FEATURING: Lenny von Dohlen, Virginia Madsen, Maxwell Caulfield, Bud Cort

PLOT: A socially inept architect buys a newfangled home computer to help him in his work, but an accident bestows sentience upon the machine and inadvertently helps spark a romance with the cellist who lives upstairs; tensions flare when the computer’s newfound emotions blossom into jealousy.

Still from Electric Dreams (1984)

COMMENTS: Steve Barron has multiple feature film credits, including the first Teenage Mutant Ninja Turtles movie. He has also directed several TV miniseries and episodes. But who are we kidding? If you really want to talk about the man’s directorial c.v., then you need to recognize that Steve Barron is an MTV god. From the dawn of the genre, some of the most memorable, enduring music videos ever made find Steve Barron in the director’s chair. That’s where Barron’s career truly excelled. So it’s only appropriate that when he was hired to helm his first feature film, the result was akin to an extended music video.

Like any decent video, Electric Dreams lives and dies by its montages, and fortunately it has many of them.
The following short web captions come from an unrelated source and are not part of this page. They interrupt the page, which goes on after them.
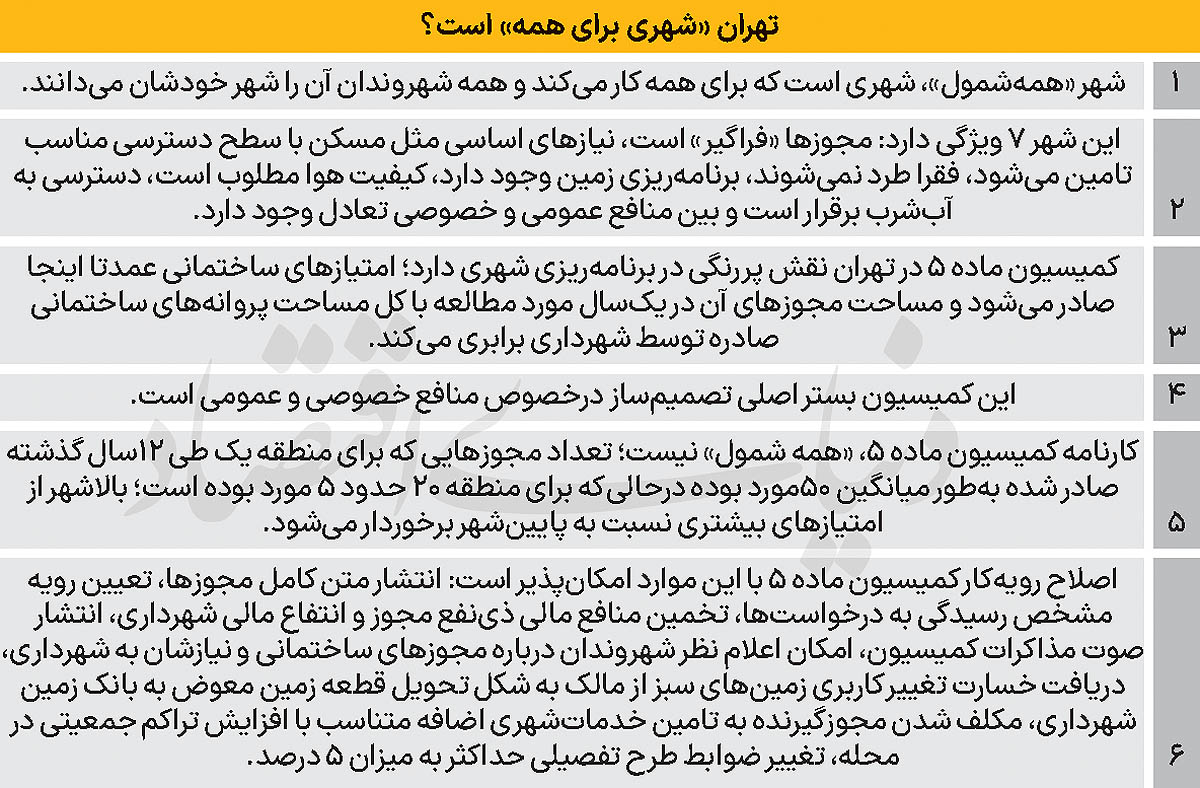 سهم پایین‌شهر از «مجوزهای طلایی» 3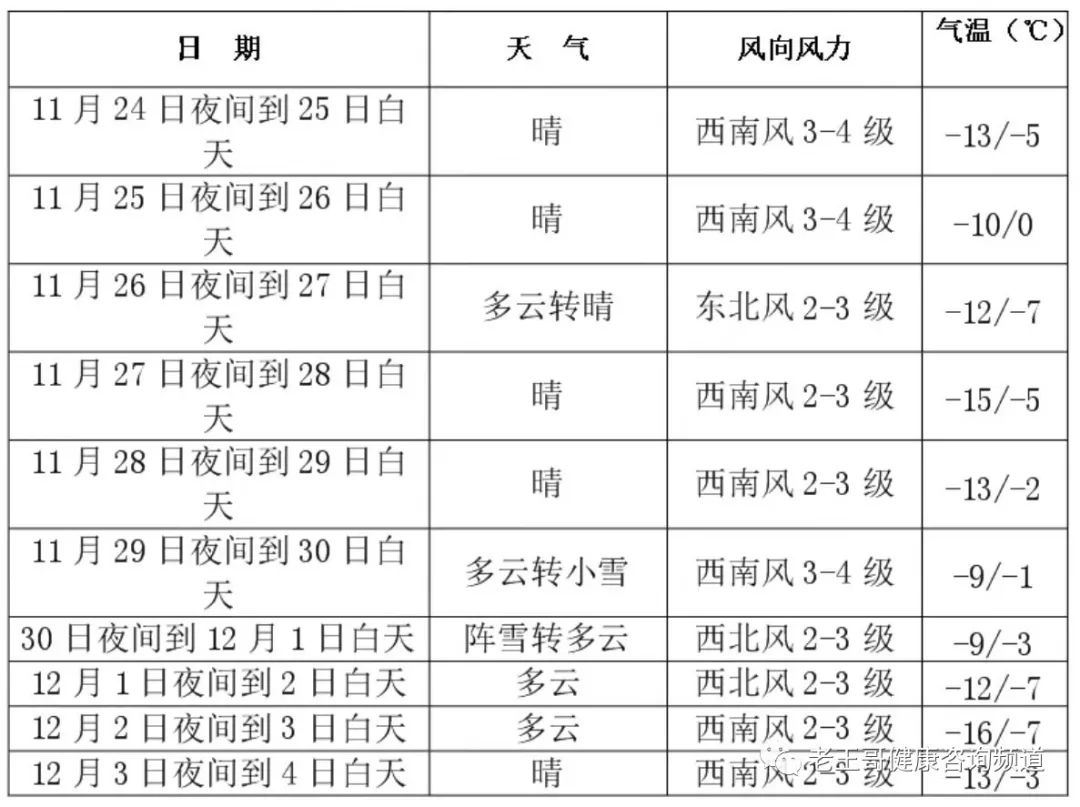 语音版:老王哥生活提示(2019年11月25日星期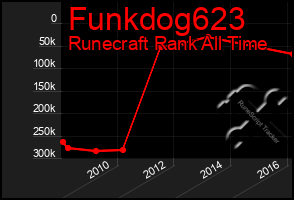 Total Graph of Funkdog623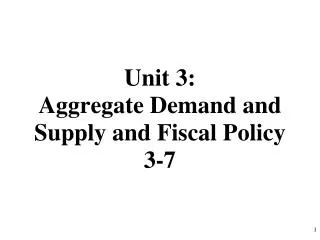Unit 3: Aggregate Demand and Supply and Fiscal Policy 3-7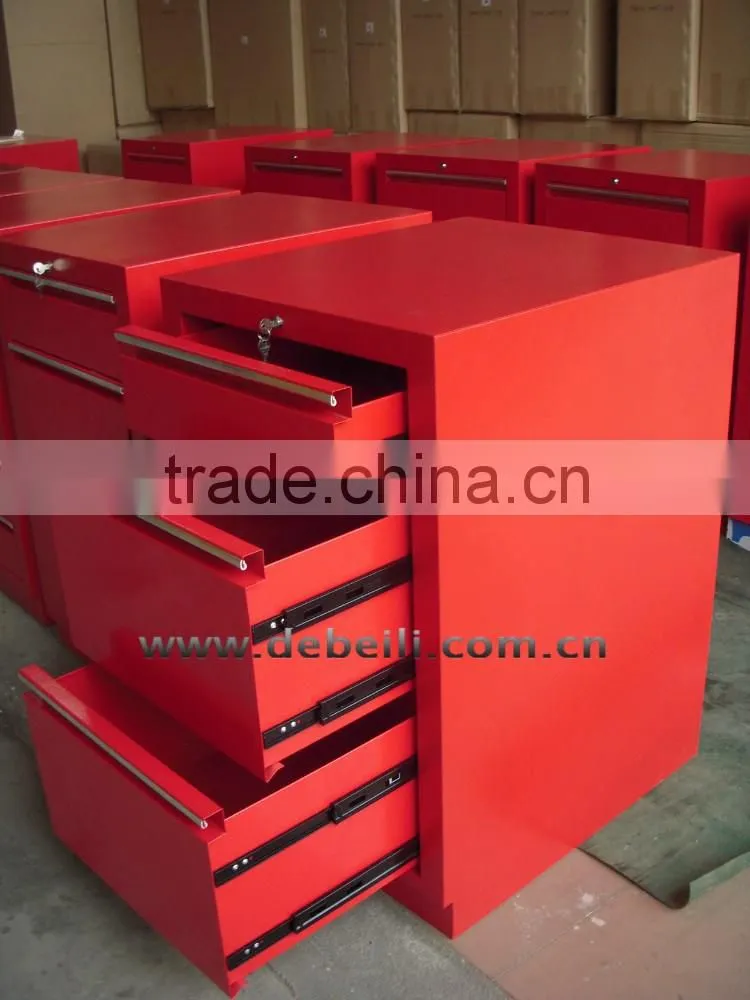 Factory Sale Car Garage Drawer Roller Cabinet AX-96143-1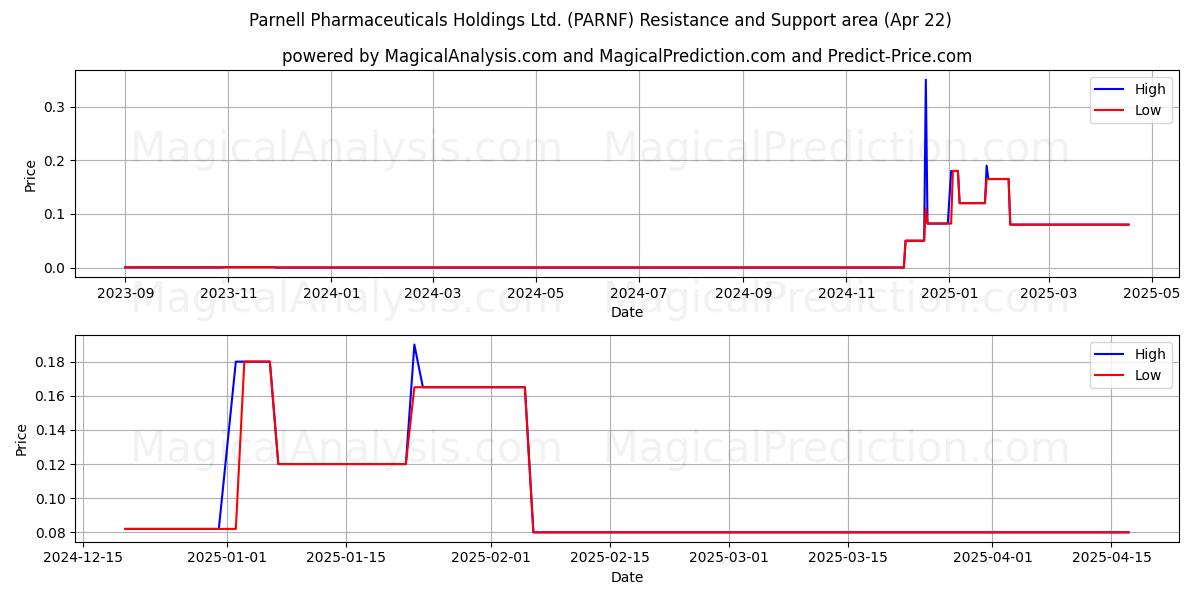  Parnell Pharmaceuticals Holdings Ltd. (PARNF) Support and Resistance area (22 Apr) 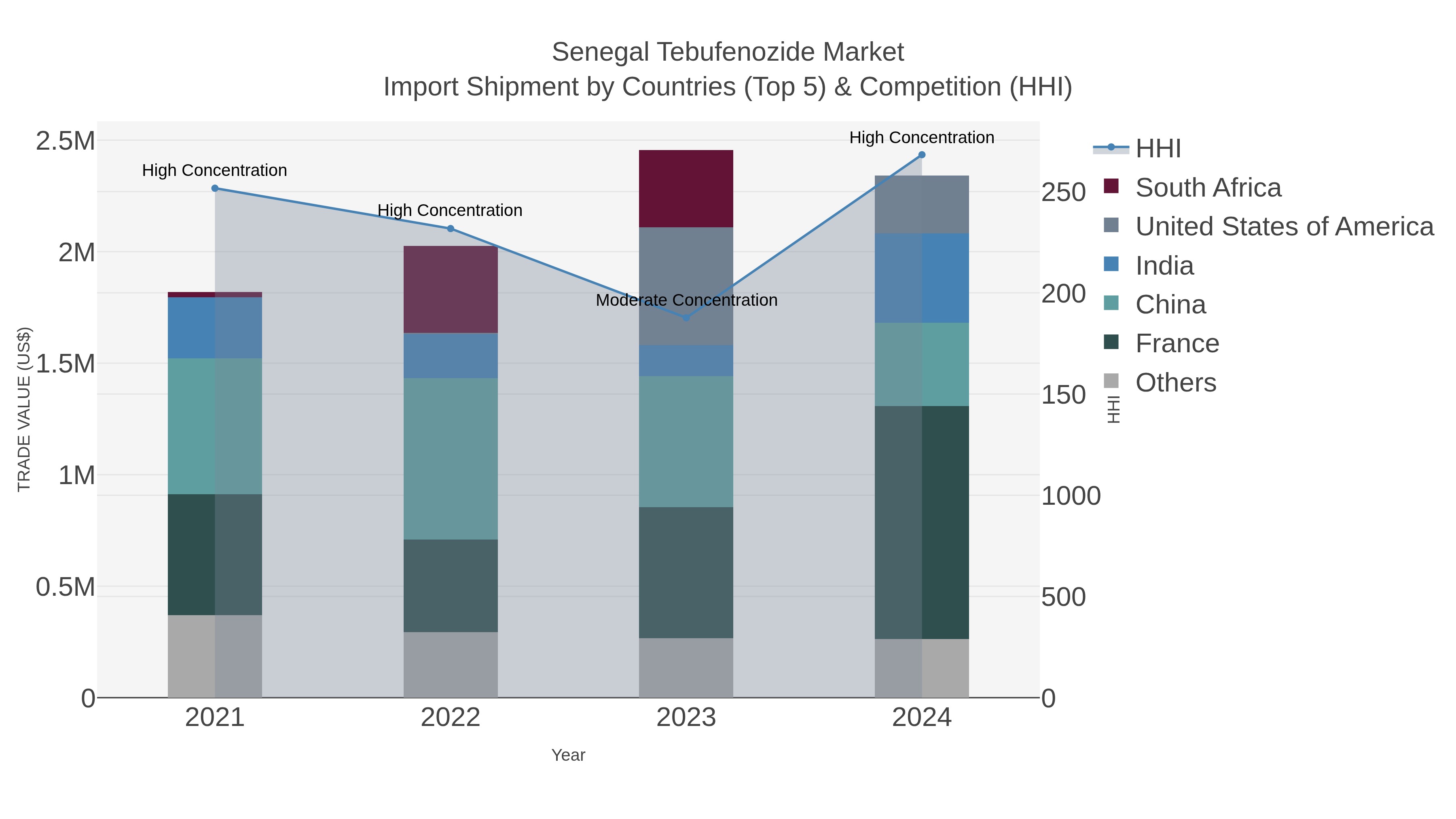 Senegal Tebufenozide Market Import Shipment by Countries (Top 5) & Competition (HHI)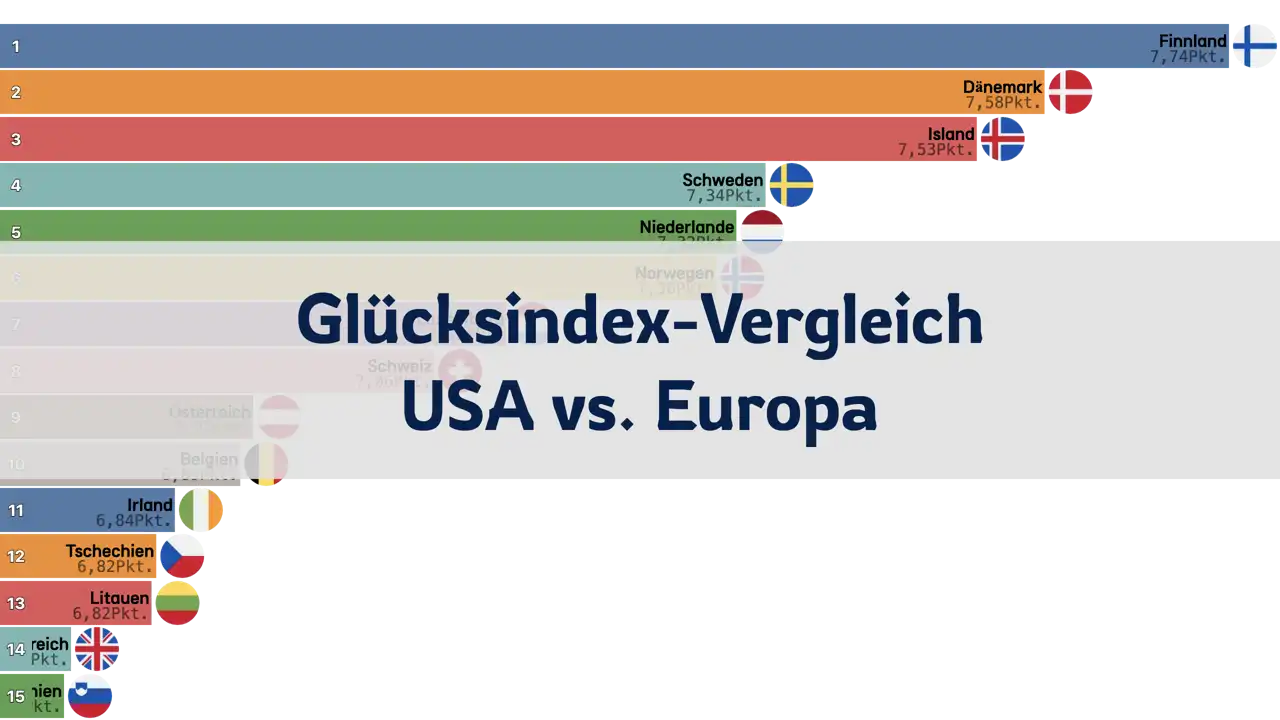 Vergleich des Glücksindex zwischen den USA und europäischen Ländern, 2006-2024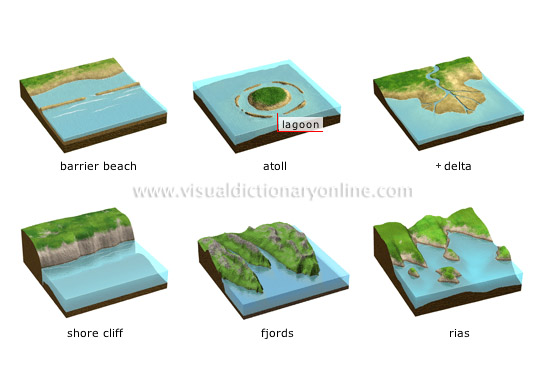 examples of shorelines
Whenever nebbishy Miles (Lenny von Dohlen in full proto-David Schwimmer mode) wants to do something, it’s likely going to be accomplished in a montage: wiring his apartment to be controlled by his mainframe Alexa ancestor;  struggling to design an earthquake-proof brick;  romping around Alcatraz with his new girlfriend. The film’s most successful sequence is a literal music video, a duet between cellist Madeline and Miles’ computer that showcases the work of composer/electronica pioneer . As editor Peter Honess splices together clips from cinematographer Alex Thomson’s swooping camera to the beat of a propulsive pop tune, the sequences are genuinely energizing, only to be cooled off by the return to the Cyrano-lite plot. It’s not that the movie lacks for dialogue scenes or traditional means of delivering the story. They’re just not where Electric Dreams shines. Those little 3-minute morsels of video ecstasy give the film its juice.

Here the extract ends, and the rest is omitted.